As we exited into the wide halls of the private hospital, three of Rafe’s men, including Joey, and Brax - who had returned to full duty just that week, after being shot. I didn’t know the other man with them, but they fell easily into step behind us, shadowing us as Rafe had directed them to do.

In the underground car park, parked beside the Range Rover Rafe and I arrived in, I knew that two other blacked out SUV’s awaited us.

They had followed us from home the whole way.

I was guessing each car also had more of Rafe’s men inside, primed and ready to charge in, should anything happen.

Rafe wasn’t taking any more chances and I couldn’t deny, it made me feel safer knowing they were there, not just to protect me, but to protect my brother too.

“Sweetheart?” Rafe prompted when I didn’t answer, getting lost in my head again.

“Sorry,” I laughed. “I’m okay. I just want to head home, if that’s alright?”

“Is Cal waiting for you?” he asked.

“No. He has classes for most of the day today, and then he’s working at a clinic somewhere across the city for the rest of the week. Practical training, or something,” I shrugged.

“He told me, you know?” Rafe said with the hint of a smirk.

“Told you what?”

“That he loves you, and that you return those feelings.”

“Rafe…” I didn’t even know what to say. Cal had told my brother he loved me? Had he also told Rafe about Arran and Dio too?

“It’s alright, Cara. Take a breath,” Rafe chuckled. “I’m on board with you and Cal. He’s a good man, and he has a bright future ahead of him. I think he would make you very happy, and I know he would take good care of you. I’ve already warned him what will happen should he not.”

“Rafe…” It seemed that was all I was capable of saying.
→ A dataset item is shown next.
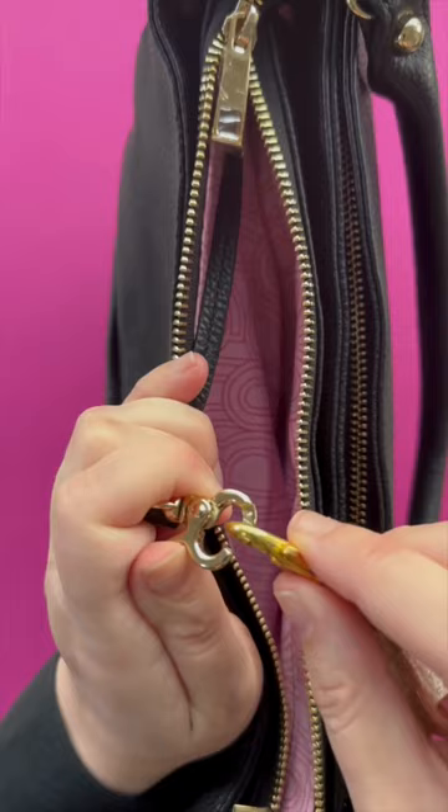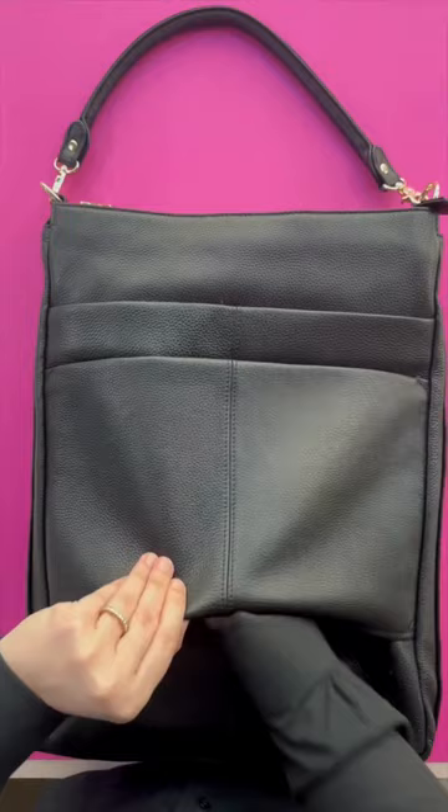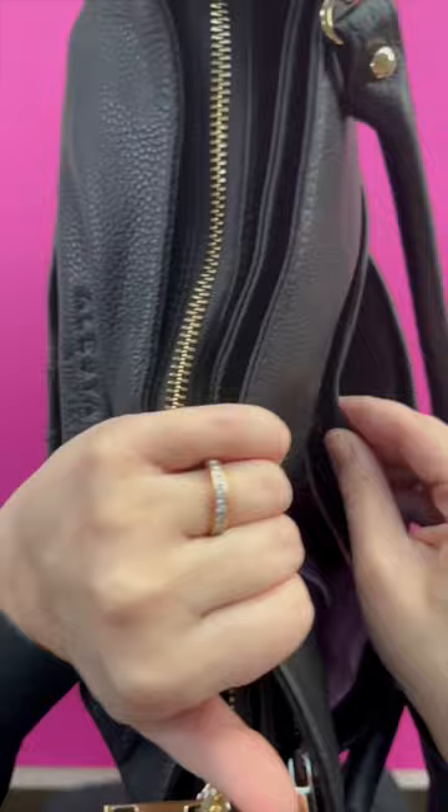This top shallow pocket holds everything you might need quickly like keys or lip gloss. There's also a sleeve for your suitcase, one smaller pocket on the back that closes if you want to hold things like a wallet, and then a zippered pocket that goes all the way down to the bottom.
Should I tell him everything? About the others? Surely Rafe would trust them to look after me the way he trusted Cal to. Would he be as relaxed and almost happy looking as he were in that moment about all of us being together?

“Your face!” Rafe laughed. “It’s okay. I don’t need any explanation or details. I just wanted you to know that I am aware, and that I approve. As long as Cal respects your boundaries and lets you take the lead, I’m happy for you both.”

I opted to keep my mouth shut for the time being. I needed to talk to the guys before I blurted out the truth and got Arran and Dio into shit with my brother. Instead I just wrapped my arms around his waist and gave him a squeeze before we started walking towards the underground car park.

My phone rang and I released Rafe, to pull it from my jacket pocket as I passed through the door that he held open for me. A shudder rocked through me the moment we stepped out into the underground parking lot, but I ignored it and answered the call, seeing it was Dio.

“Hey,” I greeted, pressing the phone to my ear with one hand as I fought to pull my coat tighter around me with the other. It was freezing.

“Hi Piccola. I just wanted to see how things were going? Have you done with your appointment?” he asked gently.

“Yeah. We’re just heading for the car now. Everything was fine with the appointment. I just have to get follow up bloods in a few months, which the doctor told me she expects to come back clear.”